[Supplied material]
++++++++

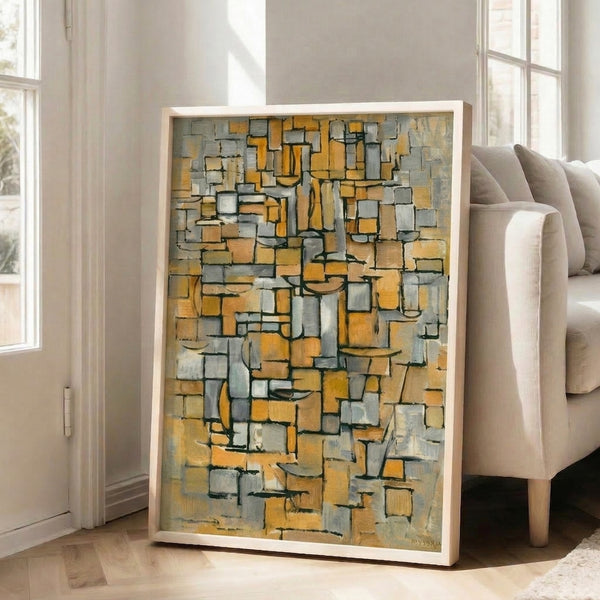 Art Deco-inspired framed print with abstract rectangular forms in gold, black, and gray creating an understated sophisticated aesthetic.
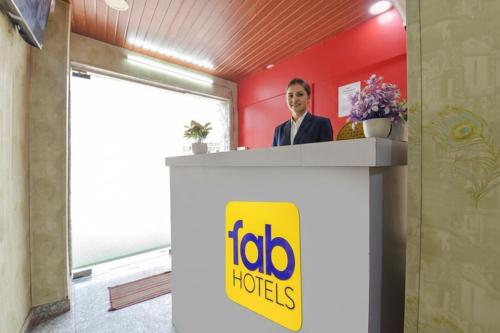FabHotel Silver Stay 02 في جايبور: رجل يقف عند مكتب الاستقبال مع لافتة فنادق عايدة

++++++++

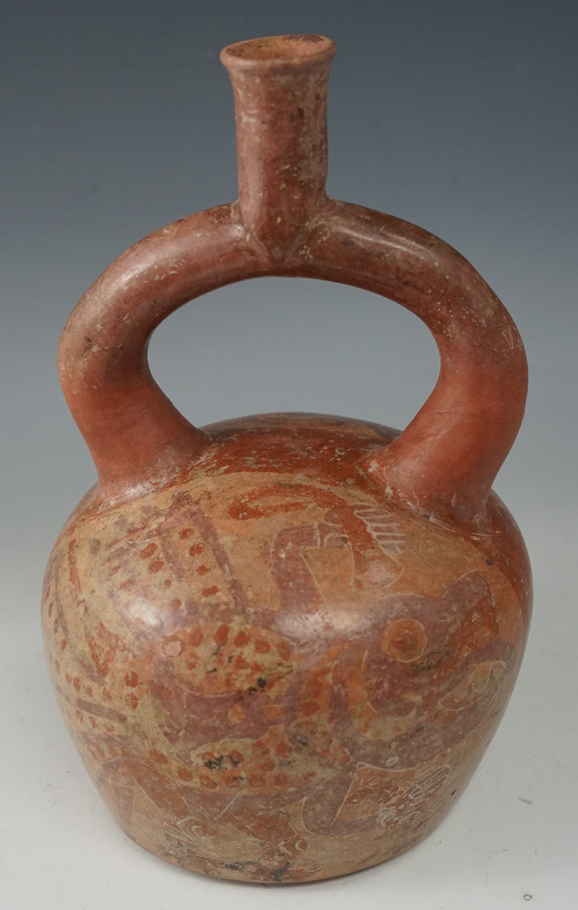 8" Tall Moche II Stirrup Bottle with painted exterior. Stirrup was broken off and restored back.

++++++++

[Your assignment] Although the records hold pictures, the copy must not; give again exactly the lines from the one with "Art Deco-inspired framed" through the one with "FabHotel Silver Stay".

[Task solution]
 Art Deco-inspired framed print with abstract rectangular forms in gold, black, and gray creating an understated sophisticated aesthetic.
FabHotel Silver Stay 02 في جايبور: رجل يقف عند مكتب الاستقبال مع لافتة فنادق عايدة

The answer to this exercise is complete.